**What to produce**
Using the records below, give again exactly the lines from the line that contains "2021 Toyota 4Runner Limited" through the line that contains "Citadel Layer: Phalanx", both ends included, and only those.

**Crawled caption data**
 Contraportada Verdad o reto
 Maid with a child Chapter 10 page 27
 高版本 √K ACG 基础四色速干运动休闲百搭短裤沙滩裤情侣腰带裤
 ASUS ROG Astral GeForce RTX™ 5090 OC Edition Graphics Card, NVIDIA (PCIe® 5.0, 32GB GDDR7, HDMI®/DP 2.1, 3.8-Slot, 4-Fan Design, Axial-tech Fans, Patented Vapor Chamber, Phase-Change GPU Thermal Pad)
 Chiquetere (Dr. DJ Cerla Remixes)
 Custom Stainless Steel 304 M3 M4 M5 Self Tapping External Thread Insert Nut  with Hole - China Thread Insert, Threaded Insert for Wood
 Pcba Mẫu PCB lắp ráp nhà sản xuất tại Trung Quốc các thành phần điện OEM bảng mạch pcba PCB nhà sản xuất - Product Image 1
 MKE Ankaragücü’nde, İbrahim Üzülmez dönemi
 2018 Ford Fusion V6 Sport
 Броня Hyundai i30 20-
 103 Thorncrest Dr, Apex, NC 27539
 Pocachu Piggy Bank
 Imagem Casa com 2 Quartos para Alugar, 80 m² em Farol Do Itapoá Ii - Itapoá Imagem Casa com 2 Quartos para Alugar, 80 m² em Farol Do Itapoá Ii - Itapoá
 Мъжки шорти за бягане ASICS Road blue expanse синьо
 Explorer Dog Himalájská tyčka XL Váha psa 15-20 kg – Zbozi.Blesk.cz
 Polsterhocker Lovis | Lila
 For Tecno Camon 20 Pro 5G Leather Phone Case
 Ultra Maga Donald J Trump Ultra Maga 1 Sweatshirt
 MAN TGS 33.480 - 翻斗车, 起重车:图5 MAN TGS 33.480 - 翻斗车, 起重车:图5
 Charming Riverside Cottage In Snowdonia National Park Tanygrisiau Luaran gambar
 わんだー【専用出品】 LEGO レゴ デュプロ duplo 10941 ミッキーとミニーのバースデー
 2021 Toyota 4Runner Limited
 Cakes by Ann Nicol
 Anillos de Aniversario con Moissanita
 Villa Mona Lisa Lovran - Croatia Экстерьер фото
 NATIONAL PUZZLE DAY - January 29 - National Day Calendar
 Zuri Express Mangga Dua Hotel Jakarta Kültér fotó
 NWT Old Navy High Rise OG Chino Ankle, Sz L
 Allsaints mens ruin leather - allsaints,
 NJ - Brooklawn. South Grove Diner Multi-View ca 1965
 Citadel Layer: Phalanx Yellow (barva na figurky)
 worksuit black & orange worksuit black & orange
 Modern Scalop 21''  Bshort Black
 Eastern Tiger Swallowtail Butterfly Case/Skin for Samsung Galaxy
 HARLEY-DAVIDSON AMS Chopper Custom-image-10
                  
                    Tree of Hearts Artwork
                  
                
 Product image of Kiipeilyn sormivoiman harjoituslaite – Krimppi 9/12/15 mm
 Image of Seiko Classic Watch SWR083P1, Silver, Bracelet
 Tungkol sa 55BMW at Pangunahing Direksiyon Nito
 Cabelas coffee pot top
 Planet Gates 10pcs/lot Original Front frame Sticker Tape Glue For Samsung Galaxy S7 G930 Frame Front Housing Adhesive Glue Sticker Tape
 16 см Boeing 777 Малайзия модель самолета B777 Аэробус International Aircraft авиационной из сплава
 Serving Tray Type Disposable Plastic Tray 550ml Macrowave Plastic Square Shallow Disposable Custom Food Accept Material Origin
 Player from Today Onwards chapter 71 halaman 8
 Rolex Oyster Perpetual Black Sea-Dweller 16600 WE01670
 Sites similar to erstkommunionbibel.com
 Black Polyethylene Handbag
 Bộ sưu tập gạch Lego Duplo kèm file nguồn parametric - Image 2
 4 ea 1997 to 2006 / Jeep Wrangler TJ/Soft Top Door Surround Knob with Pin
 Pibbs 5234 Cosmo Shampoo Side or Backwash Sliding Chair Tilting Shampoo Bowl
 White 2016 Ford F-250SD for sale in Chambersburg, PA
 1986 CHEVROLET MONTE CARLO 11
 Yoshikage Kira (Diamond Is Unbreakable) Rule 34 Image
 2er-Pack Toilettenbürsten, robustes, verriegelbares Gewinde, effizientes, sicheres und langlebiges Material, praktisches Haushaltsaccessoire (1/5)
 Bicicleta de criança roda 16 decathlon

**Answer area**
 2021 Toyota 4Runner Limited
 Cakes by Ann Nicol
 Anillos de Aniversario con Moissanita
 Villa Mona Lisa Lovran - Croatia Экстерьер фото
 NATIONAL PUZZLE DAY - January 29 - National Day Calendar
 Zuri Express Mangga Dua Hotel Jakarta Kültér fotó
 NWT Old Navy High Rise OG Chino Ankle, Sz L
 Allsaints mens ruin leather - allsaints,
 NJ - Brooklawn. South Grove Diner Multi-View ca 1965
 Citadel Layer: Phalanx Yellow (barva na figurky)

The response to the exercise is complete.